Records from a data collection:
# # #

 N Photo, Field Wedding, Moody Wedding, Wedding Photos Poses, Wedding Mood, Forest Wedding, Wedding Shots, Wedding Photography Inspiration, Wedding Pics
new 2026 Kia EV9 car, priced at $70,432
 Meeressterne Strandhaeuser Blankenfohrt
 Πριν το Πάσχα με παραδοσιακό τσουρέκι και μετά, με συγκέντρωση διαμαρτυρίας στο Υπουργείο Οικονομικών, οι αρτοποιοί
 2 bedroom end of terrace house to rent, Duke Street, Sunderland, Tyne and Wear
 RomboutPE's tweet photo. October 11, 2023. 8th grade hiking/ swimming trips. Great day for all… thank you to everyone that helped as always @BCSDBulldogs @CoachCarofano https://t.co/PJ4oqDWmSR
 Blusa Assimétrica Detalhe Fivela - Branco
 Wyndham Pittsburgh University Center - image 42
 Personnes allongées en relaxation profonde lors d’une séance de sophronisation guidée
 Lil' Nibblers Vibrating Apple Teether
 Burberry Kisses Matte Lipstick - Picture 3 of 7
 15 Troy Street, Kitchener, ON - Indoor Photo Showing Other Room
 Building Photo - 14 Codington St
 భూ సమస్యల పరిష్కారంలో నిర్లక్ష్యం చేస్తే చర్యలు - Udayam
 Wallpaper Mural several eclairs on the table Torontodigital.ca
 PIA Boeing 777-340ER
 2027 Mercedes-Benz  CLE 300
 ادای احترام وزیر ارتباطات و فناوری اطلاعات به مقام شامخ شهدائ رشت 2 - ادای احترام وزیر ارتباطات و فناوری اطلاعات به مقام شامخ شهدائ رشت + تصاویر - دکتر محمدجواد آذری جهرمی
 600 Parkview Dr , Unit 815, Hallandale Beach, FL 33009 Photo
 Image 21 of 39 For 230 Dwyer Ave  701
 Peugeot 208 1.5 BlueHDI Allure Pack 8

# # #

What you are asked to do:
Reproduce, word for word, the lines of the data from the one that contains "Blusa Assimétrica Detalhe Fivela - Branco" to the end, both ends included.

Solved exercise:
 Blusa Assimétrica Detalhe Fivela - Branco
 Wyndham Pittsburgh University Center - image 42
 Personnes allongées en relaxation profonde lors d’une séance de sophronisation guidée
 Lil' Nibblers Vibrating Apple Teether
 Burberry Kisses Matte Lipstick - Picture 3 of 7
 15 Troy Street, Kitchener, ON - Indoor Photo Showing Other Room
 Building Photo - 14 Codington St
 భూ సమస్యల పరిష్కారంలో నిర్లక్ష్యం చేస్తే చర్యలు - Udayam
 Wallpaper Mural several eclairs on the table Torontodigital.ca
 PIA Boeing 777-340ER
 2027 Mercedes-Benz  CLE 300
 ادای احترام وزیر ارتباطات و فناوری اطلاعات به مقام شامخ شهدائ رشت 2 - ادای احترام وزیر ارتباطات و فناوری اطلاعات به مقام شامخ شهدائ رشت + تصاویر - دکتر محمدجواد آذری جهرمی
 600 Parkview Dr , Unit 815, Hallandale Beach, FL 33009 Photo
 Image 21 of 39 For 230 Dwyer Ave  701
 Peugeot 208 1.5 BlueHDI Allure Pack 8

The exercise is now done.